The boards’ job, Finance Minister Bill English and SOE Minister Simon Power will tell chairs, is to generate a better return on their capital than last year’s 1.5 per cent average.
A higher return means cutting costs — firing staff and/or improving efficiency — and increasing revenue — higher prices (not easy in tough trading conditions) or new or better products and services.
But how will English and Power know? They think the Treasury’s Crown Company Monitoring Advisory Unit has not been focused on the right things.
The challenge, investment banker Rob Cameron says, is to replicate the assessment share markets make of listed public companies.
Cameron, a 1980s Treasury official who has studied SOEs in depth, suggests ministers should appoint only board chairs, who would appoint the other directors and set their tenures.
Cameron proposes “an advisory capability” to help ministers assess boards’ performance, which he says should be ministers’ core job. Boards should issue similar financial and operating information to that required of publicly listed companies and (as some SOEs have done) “engage experienced and qualified private-sector analysts” to monitor the performance of their SOEs.
None of that is inconsistent with National’s approach. It skirts privatisation, the P-word from which National fled in fear in the 2005 and 2008 elections.
But Cameron also says: inject outside equity into SOEs and thereby subject them to sharemarket scrutiny; do that by issuing non-voting shares, which would leave the government in full control; let the Superannuation Fund buy some voting shares and appoint some directors. Still no P-word — not really.
Why outside equity? If SOEs are to grow revenue, fatten dividends to taxpayers and boost economic growth, some will need more capital.
Under present rules an SOE has to hoard capital from profits (after paying a dividend under a set formula), cajole capital out of ministers or raise debt. There is a limit to what can be done through non-core subsidiaries.
New Zealand Post is raising up to $200 million in notes (debt) right now, in part to expand its fast-growing core subsidiary Kiwibank’s capital, needed to comply with Reserve Bank rules.
If the government wanted to use Kiwibank to channel government-backed funding to small-medium enterprises (if, say, the economy turns much worse than Key’s soothing assurances and/or if the Australian banks clamp down), it would need to boost Kiwibank’s capital.
Key won’t take the Cameron route because he says he has a P-word “contract” with voters and he fears even non-voting shares in even the popular Kiwibank could be branded as privatisation.
Actually, Key has two levels of contract. One is his specific pledges. Another is to deliver good government, in response to economic and other conditions as they change — and they have changed.
Moreover, Key has huge political capital, enough to afford a P-risk if in time it delivered on his good government contract. As all capitalists know, sometimes a small risk can pay a big dividend.
But Key has another basis for reticence. Ministers think fixing SOEs will take several years: the right chairs and boards have to be installed and electricity regulation rejigged, for example. And ministers think the government’s low debt gives them the fiscal leeway to take time.
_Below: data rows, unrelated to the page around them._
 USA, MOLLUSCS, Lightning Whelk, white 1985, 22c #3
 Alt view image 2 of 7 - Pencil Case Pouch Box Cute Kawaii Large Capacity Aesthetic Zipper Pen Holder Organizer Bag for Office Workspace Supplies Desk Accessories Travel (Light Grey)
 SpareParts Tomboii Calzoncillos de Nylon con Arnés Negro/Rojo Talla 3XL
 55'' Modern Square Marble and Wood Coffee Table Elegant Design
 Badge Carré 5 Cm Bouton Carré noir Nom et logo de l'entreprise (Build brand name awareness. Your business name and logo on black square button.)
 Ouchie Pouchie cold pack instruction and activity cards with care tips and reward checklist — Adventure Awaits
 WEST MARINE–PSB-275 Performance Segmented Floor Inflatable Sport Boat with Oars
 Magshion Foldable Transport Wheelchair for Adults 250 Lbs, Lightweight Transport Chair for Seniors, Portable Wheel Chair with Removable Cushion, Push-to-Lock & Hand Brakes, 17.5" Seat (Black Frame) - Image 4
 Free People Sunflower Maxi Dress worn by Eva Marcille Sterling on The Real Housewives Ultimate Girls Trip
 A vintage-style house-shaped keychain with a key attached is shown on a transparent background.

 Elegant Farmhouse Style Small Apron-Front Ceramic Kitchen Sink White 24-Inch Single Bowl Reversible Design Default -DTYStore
That fiscal leeway is at the heart of the debate over core public sector spending. There is a “quick and dirty” job in this year’s Budget, to hold the line. But there is harder work to do if the now big annual deficit is not to turn structural: identify and rank departments’ functions, drop the least productive, get efficiencies, reduce overall costs — and find CEOs who can and want to do all that. This is a three-to-five-year programme.
The state is big in our economy. If ministers manage it better, that will deliver on the good government contract. Which, ultimately, is the only contract that wins multiple terms in office.